Not only is vitamin D important for maintaining the health of your bones and immune system, it may also be involved in fertility. In fact, a small study in Fertility and Sterility found that women with low levels of vitamin D were less likely to conceive compared to those with normal levels. Additionally, a new 2022 meta-analysis found that vitamin D insufficiency and deficiency are associated with miscarriage.
Because vitamin D is found naturally in few food sources and is usually obtained through sun exposure, supplementation may be recommended for those at risk for deficiency.
Folic acid is a B vitamin frequently found in prenatal supplements and fortified foods. Interestingly, folic acid has also been shown to increase the chances of conception, especially in women with irregular cycles.
Eli Reshef, M.D. a reproductive endocrinologist at the Integris Bennett Fertility Institute in Oklahoma City, recommends folic acid supplementation before and during pregnancy to prevent neural tube defects.
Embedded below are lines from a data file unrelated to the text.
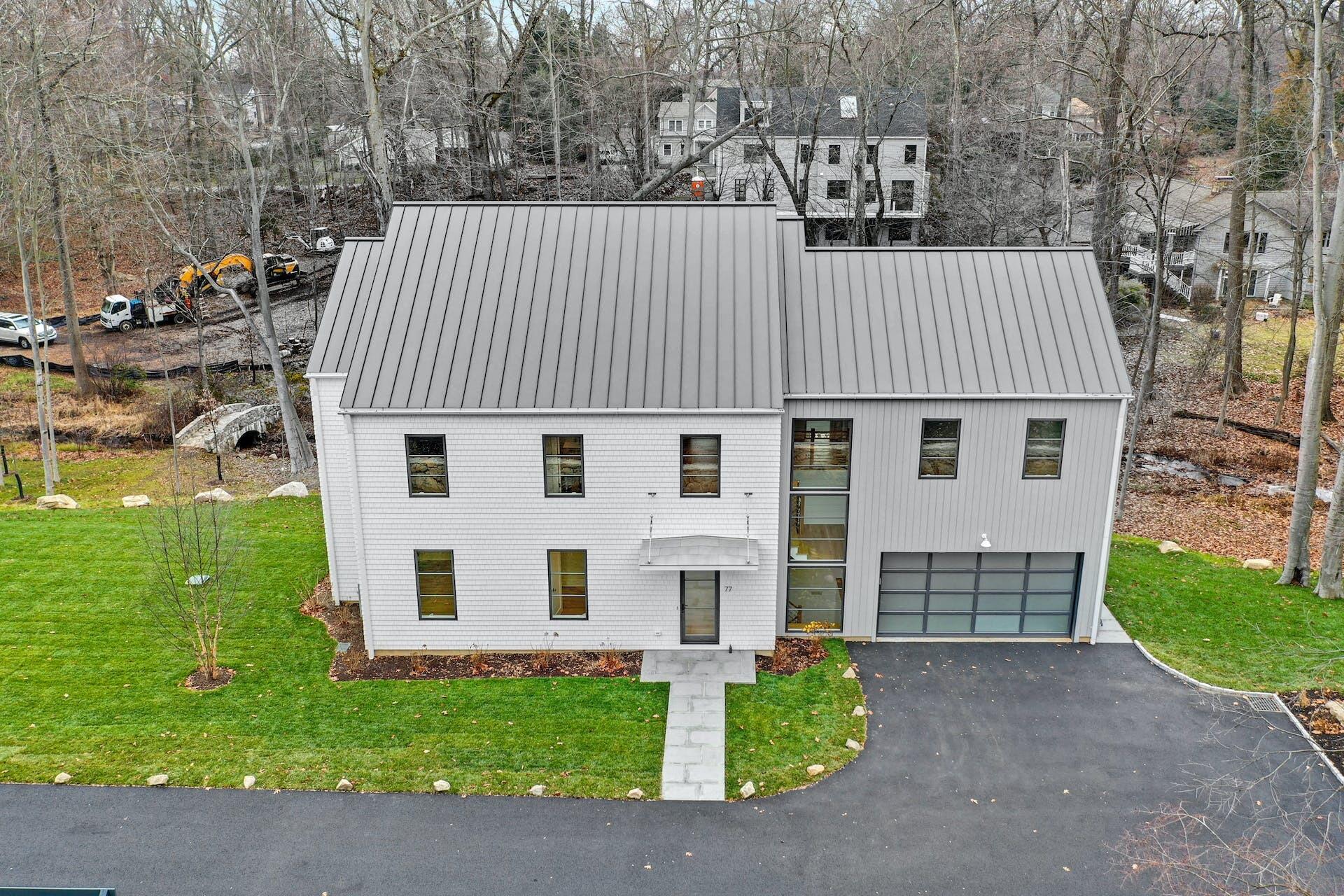 77 Witch Lane Rowayton, CT 06853 - Photo 36 of 39 a view of a house with a yard and sitting area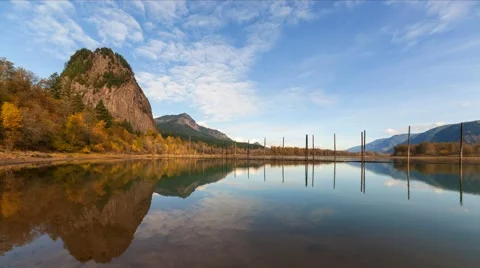 Time Lapse of Clouds Over Beacon Rock along Columbia River Gorge one Fall Day 4k Stock Footage 56749783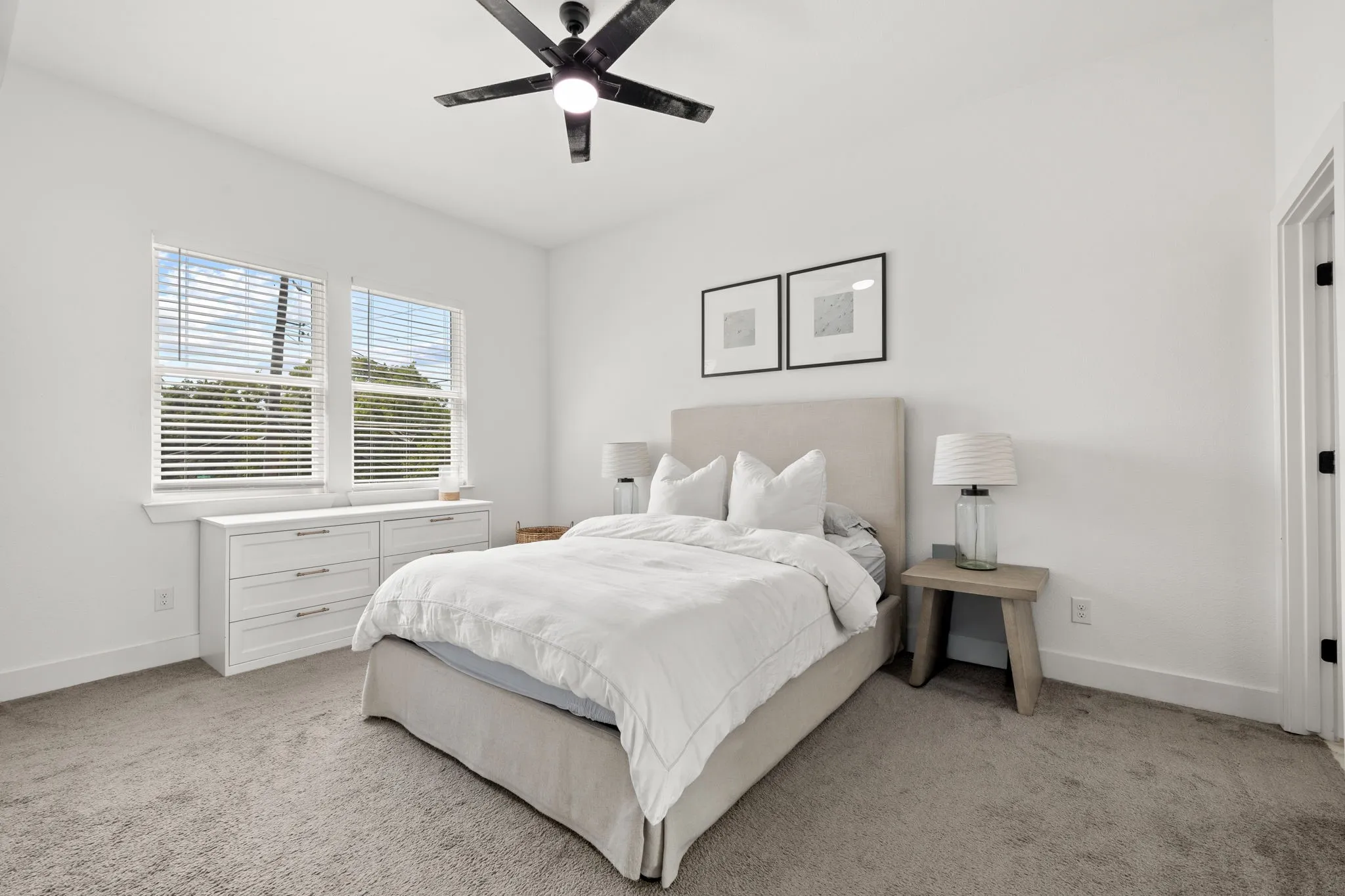 Spacious room featuring neutral carpeting, a modern ceiling fan, and white walls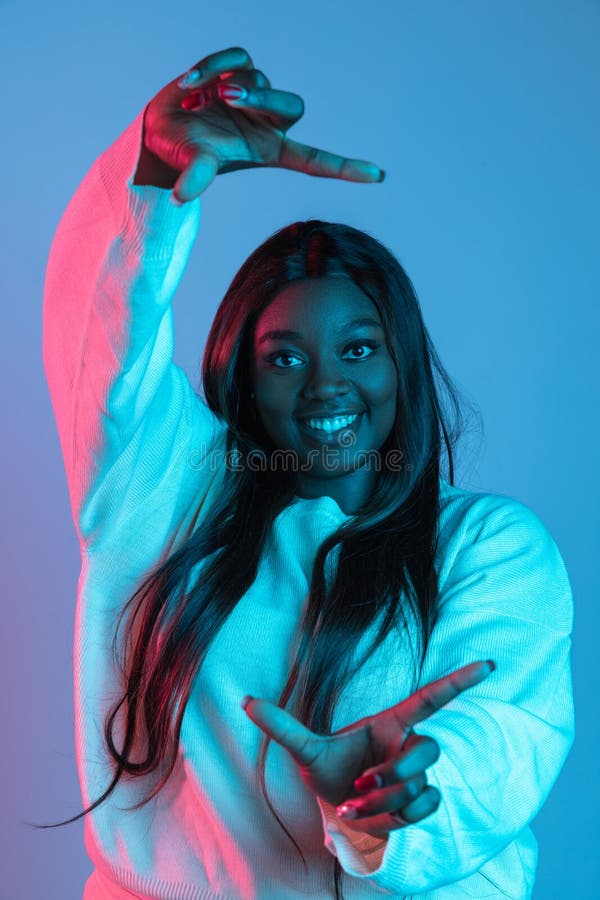 Frame. One African smiling attractive woman with long straight hair isolated on blue background in neon light. Concept of human emotions, facial expression. Bodypositive and diversity. Looks happy. Frame. One African smiling attractive woman with long straight hair isolated on blue background in neon light. Concept of human emotions, facial expression. Bodypositive and diversity. Looks happy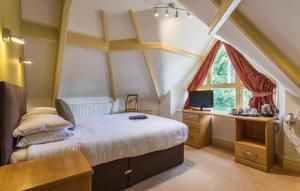 een slaapkamer met een bed, een bureau en een raam bij Windermere Park inc Free off-site Health Club in Windermere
Specifically, he recommends taking an over-the-counter prenatal supplement that contains at least 800 milligrams of folic acid to support fertility.
The Centers for Disease Control and Prevention (CDC) notes that women of reproductive age should get at least 400 micrograms of folate per day, which can come from a combination of foods or supplements. Leafy greens, legumes and whole grains are all excellent sources of folate.
Selenium is an essential trace mineral needed for the production of hormones and selenoproteins, a type of protein involved in reproductive health. Not only can a deficiency in selenium impair fertility, but it could also increase the risk of miscarriage and other pregnancy complications.
Most people can get enough of this important micronutrient by following a balanced diet that contains selenium-rich foods like meat, fish and eggs. It’s also commonly added to multivitamins and prenatal supplements.
Omega-3 Fatty Acids
Though most well-known for its positive effects on heart health and inflammation, omega-3 fatty acids may have an impact on fertility as well. In fact, studies show these healthy fats can help balance levels of reproductive hormones, regulate menstruation and improve egg quality and implantation.
Enjoying a few weekly servings of fatty fish, such as salmon, sardines or tuna, is a great way to bump up your intake of omega-3 fatty acids. If you don’t regularly eat fish, consider taking a supplement sourced from fish oil or algal oil instead.
Coenzyme Q10 (CoQ10) is a type of antioxidant that is produced naturally by the body and found in many foods, including organ meats and fish. Some studies have found that CoQ10 could improve ovarian response and increase rates of conception in women undergoing fertility treatments.
“As we age, the body’s production of CoQ10 slows down, making it increasingly challenging to protect eggs from oxidative damage and making it harder for women to conceive,” notes Rosmy Barrios, M.D., a regenerative medicine specialist at the IM Clinic in Belgrade, Serbia.
Consider asking your doctor if a CoQ10 supplement might be right for you.